COLLIER COUNTY — Conservation Collier would have to cut back on amenities at its preserves to bridge a projected budget gap, a county report shows.
County figures show the taxpayer-backed program will have a $13.8 million deficit by 2020 in its budget for land management if the county completes its wish list for adding signs, boardwalks, trails and parking.
One proposal under consideration would take $7.3 million from the program’s budget for land acquisition and move it to the management budget.
That plan also would cut the amenities budget roughly in half, from $6.7 million to $3.3 million.
Conservation Collier coordinator Alex Sulecki said the plan is based on assumptions about how much money the program’s tax rate will bring into the program and how much amenities will cost.

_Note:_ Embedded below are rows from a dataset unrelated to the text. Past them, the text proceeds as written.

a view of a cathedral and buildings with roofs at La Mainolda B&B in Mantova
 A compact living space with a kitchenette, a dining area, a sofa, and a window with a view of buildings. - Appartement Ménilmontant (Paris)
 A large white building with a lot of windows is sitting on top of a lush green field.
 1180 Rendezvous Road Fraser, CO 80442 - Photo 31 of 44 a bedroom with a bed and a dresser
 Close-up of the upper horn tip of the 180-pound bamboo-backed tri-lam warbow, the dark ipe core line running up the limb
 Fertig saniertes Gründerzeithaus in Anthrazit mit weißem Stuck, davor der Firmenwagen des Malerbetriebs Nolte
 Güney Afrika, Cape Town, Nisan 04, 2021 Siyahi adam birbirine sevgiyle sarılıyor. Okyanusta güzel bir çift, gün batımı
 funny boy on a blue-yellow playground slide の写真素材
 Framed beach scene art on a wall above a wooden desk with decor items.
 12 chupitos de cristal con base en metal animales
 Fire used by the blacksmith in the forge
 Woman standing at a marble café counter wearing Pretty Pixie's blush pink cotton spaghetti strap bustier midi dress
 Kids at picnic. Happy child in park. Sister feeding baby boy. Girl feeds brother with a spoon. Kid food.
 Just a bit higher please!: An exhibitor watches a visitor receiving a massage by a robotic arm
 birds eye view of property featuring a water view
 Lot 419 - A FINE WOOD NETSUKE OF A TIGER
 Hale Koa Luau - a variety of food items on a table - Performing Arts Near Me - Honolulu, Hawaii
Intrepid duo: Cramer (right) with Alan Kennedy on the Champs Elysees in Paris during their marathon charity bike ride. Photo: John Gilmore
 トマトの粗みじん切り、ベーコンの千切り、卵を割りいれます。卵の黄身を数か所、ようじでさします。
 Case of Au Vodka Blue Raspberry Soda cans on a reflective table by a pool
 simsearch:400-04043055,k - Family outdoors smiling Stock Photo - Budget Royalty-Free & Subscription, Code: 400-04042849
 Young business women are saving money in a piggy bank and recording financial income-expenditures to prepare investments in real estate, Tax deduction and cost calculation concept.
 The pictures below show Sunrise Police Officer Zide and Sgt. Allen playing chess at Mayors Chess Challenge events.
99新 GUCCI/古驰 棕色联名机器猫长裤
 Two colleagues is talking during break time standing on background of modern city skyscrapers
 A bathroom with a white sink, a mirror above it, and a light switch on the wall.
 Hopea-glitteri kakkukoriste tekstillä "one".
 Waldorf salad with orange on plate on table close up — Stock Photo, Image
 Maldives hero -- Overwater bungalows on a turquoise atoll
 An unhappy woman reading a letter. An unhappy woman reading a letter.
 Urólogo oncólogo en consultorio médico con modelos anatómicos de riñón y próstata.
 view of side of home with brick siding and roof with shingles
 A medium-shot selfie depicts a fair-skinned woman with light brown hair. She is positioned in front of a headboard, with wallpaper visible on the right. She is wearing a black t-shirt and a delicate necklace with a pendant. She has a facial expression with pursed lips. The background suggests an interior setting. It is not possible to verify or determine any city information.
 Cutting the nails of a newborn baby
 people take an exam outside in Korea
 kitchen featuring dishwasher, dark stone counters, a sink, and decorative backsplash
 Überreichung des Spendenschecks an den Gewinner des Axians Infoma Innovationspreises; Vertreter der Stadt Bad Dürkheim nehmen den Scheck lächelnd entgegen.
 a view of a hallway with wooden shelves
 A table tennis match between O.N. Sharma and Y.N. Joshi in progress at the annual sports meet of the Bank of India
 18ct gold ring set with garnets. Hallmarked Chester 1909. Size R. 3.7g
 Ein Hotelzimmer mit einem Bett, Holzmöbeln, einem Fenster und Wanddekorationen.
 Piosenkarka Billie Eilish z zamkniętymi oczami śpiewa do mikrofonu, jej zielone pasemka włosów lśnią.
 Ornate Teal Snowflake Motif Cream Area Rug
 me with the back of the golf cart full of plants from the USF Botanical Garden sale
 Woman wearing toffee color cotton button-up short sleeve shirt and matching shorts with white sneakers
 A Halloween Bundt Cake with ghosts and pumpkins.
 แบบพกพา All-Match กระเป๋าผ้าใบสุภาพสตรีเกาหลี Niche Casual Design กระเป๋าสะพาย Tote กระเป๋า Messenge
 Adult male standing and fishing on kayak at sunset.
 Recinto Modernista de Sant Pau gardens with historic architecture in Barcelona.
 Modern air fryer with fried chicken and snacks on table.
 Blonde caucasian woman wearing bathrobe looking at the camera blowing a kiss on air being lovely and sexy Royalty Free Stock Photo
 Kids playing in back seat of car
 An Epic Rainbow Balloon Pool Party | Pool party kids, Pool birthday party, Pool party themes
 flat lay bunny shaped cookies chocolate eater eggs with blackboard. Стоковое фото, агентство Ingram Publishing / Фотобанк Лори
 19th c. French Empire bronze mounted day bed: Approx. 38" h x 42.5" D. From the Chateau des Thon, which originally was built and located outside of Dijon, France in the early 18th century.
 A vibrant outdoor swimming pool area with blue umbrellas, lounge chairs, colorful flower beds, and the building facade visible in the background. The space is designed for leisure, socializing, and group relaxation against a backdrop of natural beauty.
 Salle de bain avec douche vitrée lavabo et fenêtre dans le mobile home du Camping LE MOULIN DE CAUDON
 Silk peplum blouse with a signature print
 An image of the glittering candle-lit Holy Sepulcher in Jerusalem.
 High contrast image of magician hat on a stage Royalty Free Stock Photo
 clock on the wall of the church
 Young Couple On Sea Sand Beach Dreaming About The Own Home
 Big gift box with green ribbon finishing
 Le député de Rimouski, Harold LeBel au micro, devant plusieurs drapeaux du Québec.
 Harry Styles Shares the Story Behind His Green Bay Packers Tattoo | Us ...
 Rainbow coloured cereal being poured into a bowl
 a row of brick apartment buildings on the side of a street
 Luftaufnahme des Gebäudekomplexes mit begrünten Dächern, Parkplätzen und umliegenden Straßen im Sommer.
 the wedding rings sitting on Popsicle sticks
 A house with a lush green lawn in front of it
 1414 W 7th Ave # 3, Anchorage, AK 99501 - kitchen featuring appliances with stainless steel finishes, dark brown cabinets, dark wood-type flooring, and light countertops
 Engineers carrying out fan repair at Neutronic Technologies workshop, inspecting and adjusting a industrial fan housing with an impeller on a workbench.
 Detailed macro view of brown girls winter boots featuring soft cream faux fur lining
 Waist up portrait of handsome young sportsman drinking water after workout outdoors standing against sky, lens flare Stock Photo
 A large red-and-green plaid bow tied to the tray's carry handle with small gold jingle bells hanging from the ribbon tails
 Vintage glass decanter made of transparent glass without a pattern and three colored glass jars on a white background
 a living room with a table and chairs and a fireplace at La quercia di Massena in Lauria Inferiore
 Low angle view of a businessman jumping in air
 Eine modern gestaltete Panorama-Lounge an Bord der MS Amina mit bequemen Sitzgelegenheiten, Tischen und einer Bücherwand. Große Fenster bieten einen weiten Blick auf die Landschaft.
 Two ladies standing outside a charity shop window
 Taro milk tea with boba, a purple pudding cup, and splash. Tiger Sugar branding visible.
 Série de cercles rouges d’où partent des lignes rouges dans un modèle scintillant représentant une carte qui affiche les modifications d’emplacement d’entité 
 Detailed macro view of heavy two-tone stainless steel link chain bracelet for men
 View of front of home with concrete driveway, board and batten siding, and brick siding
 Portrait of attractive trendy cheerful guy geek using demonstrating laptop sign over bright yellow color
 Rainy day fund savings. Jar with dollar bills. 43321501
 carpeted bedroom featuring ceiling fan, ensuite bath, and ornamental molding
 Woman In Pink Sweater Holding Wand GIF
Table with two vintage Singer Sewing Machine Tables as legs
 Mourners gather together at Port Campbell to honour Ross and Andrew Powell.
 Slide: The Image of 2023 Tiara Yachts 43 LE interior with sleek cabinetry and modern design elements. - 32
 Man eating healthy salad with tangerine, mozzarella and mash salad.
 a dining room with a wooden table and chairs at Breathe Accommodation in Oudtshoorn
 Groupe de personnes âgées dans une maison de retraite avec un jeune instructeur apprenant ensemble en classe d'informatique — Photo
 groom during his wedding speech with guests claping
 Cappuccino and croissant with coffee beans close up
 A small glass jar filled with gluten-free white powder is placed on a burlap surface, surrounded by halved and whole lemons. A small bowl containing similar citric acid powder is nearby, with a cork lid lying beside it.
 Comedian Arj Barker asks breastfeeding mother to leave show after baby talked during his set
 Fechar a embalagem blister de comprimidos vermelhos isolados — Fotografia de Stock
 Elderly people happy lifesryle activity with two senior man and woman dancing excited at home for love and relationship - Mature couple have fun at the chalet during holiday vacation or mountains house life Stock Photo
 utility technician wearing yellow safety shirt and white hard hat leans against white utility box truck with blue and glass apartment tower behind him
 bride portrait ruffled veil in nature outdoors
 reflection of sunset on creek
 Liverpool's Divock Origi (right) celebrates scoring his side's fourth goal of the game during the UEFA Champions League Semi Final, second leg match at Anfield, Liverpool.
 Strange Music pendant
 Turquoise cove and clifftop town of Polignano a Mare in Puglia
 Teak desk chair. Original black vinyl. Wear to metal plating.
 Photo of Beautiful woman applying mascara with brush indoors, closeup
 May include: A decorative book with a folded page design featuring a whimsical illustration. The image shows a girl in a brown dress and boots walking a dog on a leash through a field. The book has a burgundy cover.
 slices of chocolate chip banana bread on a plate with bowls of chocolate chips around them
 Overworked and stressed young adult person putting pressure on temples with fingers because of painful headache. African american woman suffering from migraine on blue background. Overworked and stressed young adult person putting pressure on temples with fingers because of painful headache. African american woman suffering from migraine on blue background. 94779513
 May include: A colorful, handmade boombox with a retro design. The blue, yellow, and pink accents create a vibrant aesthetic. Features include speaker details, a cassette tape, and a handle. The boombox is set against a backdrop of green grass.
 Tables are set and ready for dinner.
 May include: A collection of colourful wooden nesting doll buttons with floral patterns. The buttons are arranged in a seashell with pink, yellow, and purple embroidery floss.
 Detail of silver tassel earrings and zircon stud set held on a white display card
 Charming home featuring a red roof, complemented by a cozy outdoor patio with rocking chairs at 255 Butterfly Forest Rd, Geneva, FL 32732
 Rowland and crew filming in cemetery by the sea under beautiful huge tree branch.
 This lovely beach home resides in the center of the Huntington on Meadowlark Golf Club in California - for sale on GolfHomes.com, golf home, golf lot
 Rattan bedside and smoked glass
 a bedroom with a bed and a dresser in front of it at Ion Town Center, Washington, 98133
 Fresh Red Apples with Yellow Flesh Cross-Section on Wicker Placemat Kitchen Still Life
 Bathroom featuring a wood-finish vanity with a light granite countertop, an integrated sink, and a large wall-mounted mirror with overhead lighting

“Really what you’re looking at is a worst-case scenario, the most conservative scenario,” Sulecki said.
She said the shortfall doesn’t change the program goal of opening all Conservation Collier preserves to public access, only what that access will include.
For example, instead of fancy boardwalks and paved parking, more preserves might have only seasonal trails and shell parking areas.
“They’ll be fairly rustic, but people will be able to get on these lands and see them,” Sulecki said.
A citizens advisory committee for Conservation Collier is planning to prioritize which preserves should get how much access and how soon.
The $7.3 million transfer would leave $3 million in new revenue coming into the Conservation Collier program for land acquisition before the program sunsets in 2013, according to one projection.
The transfer would leave Conservation Collier short on acquisition money at just the time that the program has a chance to snap up good deals in a weakened real estate market, advisory committee member Tony Pires said.
“To miss opportunities now would be very unfortunate,” he said.
Committee members questioned whether there might be wiggle room in the budget projections to allow more money to be kept for acquisition.
Pires questioned whether program managers overestimated what contractors would charge given the lack of work during the economic downturn.
Committee member Michael Delate pointed to a $2.3 million price tag listed in county documents for amenities at the Gordon River Greenway, a system of trails and boardwalks planned along the river between Golden Gate Parkway and U.S. 41 East.
While the final numbers haven’t been worked out, Conservation Collier looks to be shouldering too much of the cost, Delate said.
“I don’t want to pigeonhole us on this one project,” he said.
Voters approved a tax to pay for Conservation Collier in 2002 and voted in 2006 to extend the program until 2013.
The idea is to have enough money in the program’s land management budget when the tax sunsets in 2013 so it can continue to manage the land into the future with interest revenue and grants. To continue the program, voters would have to again agree to tax themselves 25 cents per $1,000 of assessed value.
The program has been setting aside 15 percent of its revenue for land management, but that has turned out to be not enough.
If the county shifts $7.3 million from acquisition to management, it would amount to 19 percent of the program’s revenues over its 10-year life being used for management.
Besides providing amenities, the management budget also pays for maintenance costs such as removing non-native trees and plants.
Sulecki said program backers warned from the start that more money ought to be set aside for management but did not have hard numbers to back it up.
The county’s $32.6 million deal to buy Pepper Ranch in Immokalee last year brought the budget issue to a head.
This summer, county commissioners suspended most new Conservation Collier purchases until 2011.
Since 2002, the program has spent more than $103 million to buy some 4,000 acres all over Collier County.
Four preserves have been opened to the public: Otter Mound on Marco Island; Cocohatchee Creek Preserve on Immokalee Road; Logan Woods at the corner of Pine Ridge Road and Logan Boulevard, and Freedom Park along Golden Gate Parkway east of Goodlette-Frank Road.